Raised on a diet of beatings and thrashings from his alcoholic father, Gabriel first wins his way into his principal’s heart in High School by telling him that, unlike the other boys, he doesn’t aspire to being the most popular boy at school, but rather to find himself instead. Impressed by his attitude, Principal Thornton recommends him for a full scholarship at Prince of Wales Boarding School, the proverbial “best of the best,” set in East Africa.In the next scene, the vista of the internationally recognized boarding school, grounds for the development of the wealthy and the famous from across the globe, opens out before a newcomer, Nigel, who comes from an affluent home, and who, surprisingly enough, is not at all happy about coming to the school.
In front of a cheering crowd, Principal Boon introduces all present to those to whom he chooses to refer as the “guardian angels entrusted to tirelessly guide and watch over your little ones.” Most of those present are unaware that the so-called “guardian angels” will soon come to be recognized as the villains of the piece, at least by those who are subjected to their seemingly endless bullying and victimization.

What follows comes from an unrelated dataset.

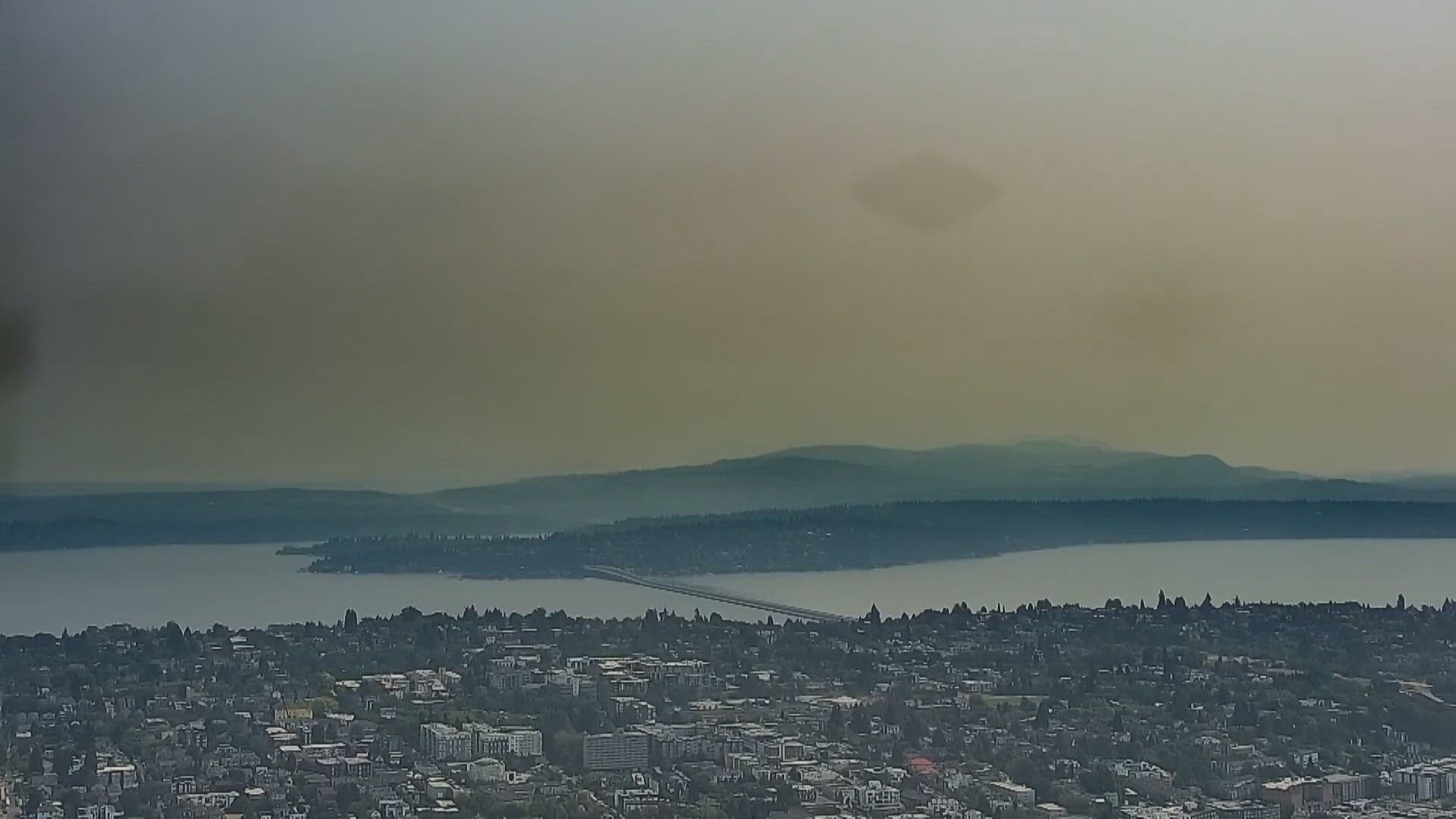 Thursday Alert: Suffocating Heat & Toxic Air Combine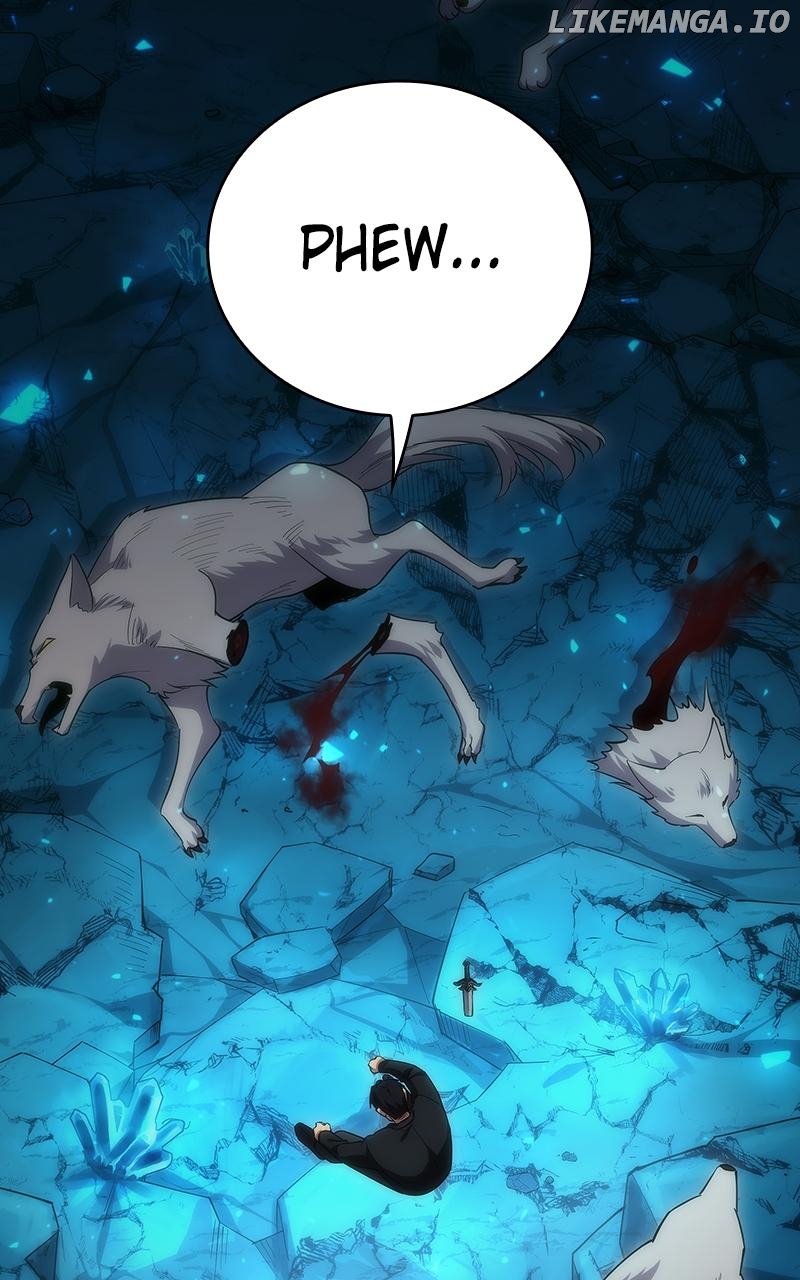 The Formerly Number One Ranked Rookie Chapter 6 - page 57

Patch, Mucheru Njaga’s debut novel, was loosely based on his own experiences at the school. He was inspired to write the novel by a news article that he read in 2003 about a teenage boy who committed suicide in the US after months of bullying. Though Njaga insists that the tale is not an exposé as such and that none of the characters is real, he does admit that some of the events are true. He hopes, in fact, that the book will open up both national and international discourse on the root causes of bullying, by allowing its readers to look at the practice from both the perspective of the victim, as well as from that of the perpetrator. Keeping in mind that October is National Bullying Month, the publication of the book at this time of year is of particular importance. Also in a number of countries in Africa the school year starts at the beginning, rather than in the middle of, the year. As the subject of Patch is of just as much relevance to people living on that continent as it is to those living in the US, the publication date could not be better. Both kids and their parents could do well be reading this novel over the vacation and studying its import prior to the start of the school year, or the next semester.
Mucheru Njaga was born and raised in Nairobi, Kenya, and studied creative writing at Hunter College. Before writing Patch, he worked on a number of different screenplays for several independent productions. The novel was, in fact, adapted from one of his own original screenplays. He is currently based in San Francisco, California.